STP/RSTP prevents loops by placing each switch port in either a forwarding state or a blocking state. Interfaces in the forwarding state act as normal, forwarding and receiving frames. However, interfaces in a blocking state do not process any frames except STP/RSTP messages (and some other overhead messages). Interfaces that block do not forward user frames, do not learn MAC addresses of received frames, and do not process received user frames.

Figure 9-2 shows a simple STP/RSTP tree that solves the problem shown in Figure 9-1 by placing one port on SW3 in the blocking state.

Now when Bob sends a broadcast frame, the frame does not loop. As shown in the steps in the figure:

Step 1. Bob sends the frame to SW3.

Step 2. SW3 forwards the frame only to SW1, but not out Gi0/2 to SW2, because SW3’s Gi0/2 interface is in a blocking state.

Step 3. SW1 floods the frame out both Fa0/11 and Gi0/1.

Step 4. SW2 floods the frame out Fa0/12 and Gi0/1.

Step 5. SW3 physically receives the frame, but it ignores the frame received from SW2 because SW3’s Gi0/2 interface is in a blocking state.

With the STP/RSTP topology in Figure 9-2, the switches simply do not use the link between SW2 and SW3 for traffic in this VLAN, which is the minor negative side effect of STP. However, if either of the other two links fails, STP/RSTP converges so that SW3 forwards instead of blocks on its Gi0/2 interface.

That completes the description of what STP/RSTP does, placing each port into either a forwarding or blocking state. The more interesting question, and the one that takes a lot more work to understand, is how and why STP/RSTP makes its choices. How does STP/RSTP manage to make switches block or forward on each interface? And how does it converge to change state from blocking to forwarding to take advantage of redundant links in response to network outages? The following pages answer these questions.

How Spanning Tree Works

The STP/RSTP algorithm creates a spanning tree of interfaces that forward frames. The tree structure of forwarding interfaces creates a single path to and from each Ethernet link, just like you can trace a single path in a living, growing tree from the base of the tree to each leaf.

The process used by STP, sometimes called the spanning-tree algorithm (STA), chooses the interfaces that should be placed into a forwarding state. For any interfaces not chosen to be in a forwarding state, STP/RSTP places the interfaces in blocking state. In other words, STP/RSTP simply picks which interfaces should forward, and any interfaces left over go to a blocking state.

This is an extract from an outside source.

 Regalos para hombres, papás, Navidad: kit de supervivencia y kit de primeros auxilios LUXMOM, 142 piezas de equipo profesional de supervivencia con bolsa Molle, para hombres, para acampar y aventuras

STP/RSTP uses three criteria to choose whether to put an interface in forwarding state:

• STP/RSTP elects a root switch. STP puts all working interfaces on the root switch in forwarding state.

• Each nonroot switch considers one of its ports to have the least administrative cost between itself and the root switch. The cost is called that switch’s root cost. STP/RSTP places its port that is part of the least root cost path, called that switch’s root port (RP), in forwarding state.

• Many switches can attach to the same Ethernet segment, but due to the fact that links connect two devices, a link would have at most two switches. With two switches on a link, the switch with the lowest root cost, as compared with the other switches attached to the same link, is placed in forwarding state. That switch is the designated switch, and that switch’s interface, attached to that segment, is called the designated port (DP).

All other interfaces are placed in blocking state. Table 9-3 summarizes the reasons STP/RSTP places a port in forwarding or blocking state.

The STP Bridge ID and Hello BPDU

The STA begins with an election of one switch to be the root switch. To better understand this election process, you need to understand the STP/RSTP messages sent between switches as well as the concept and format of the identifier used to uniquely identify each switch.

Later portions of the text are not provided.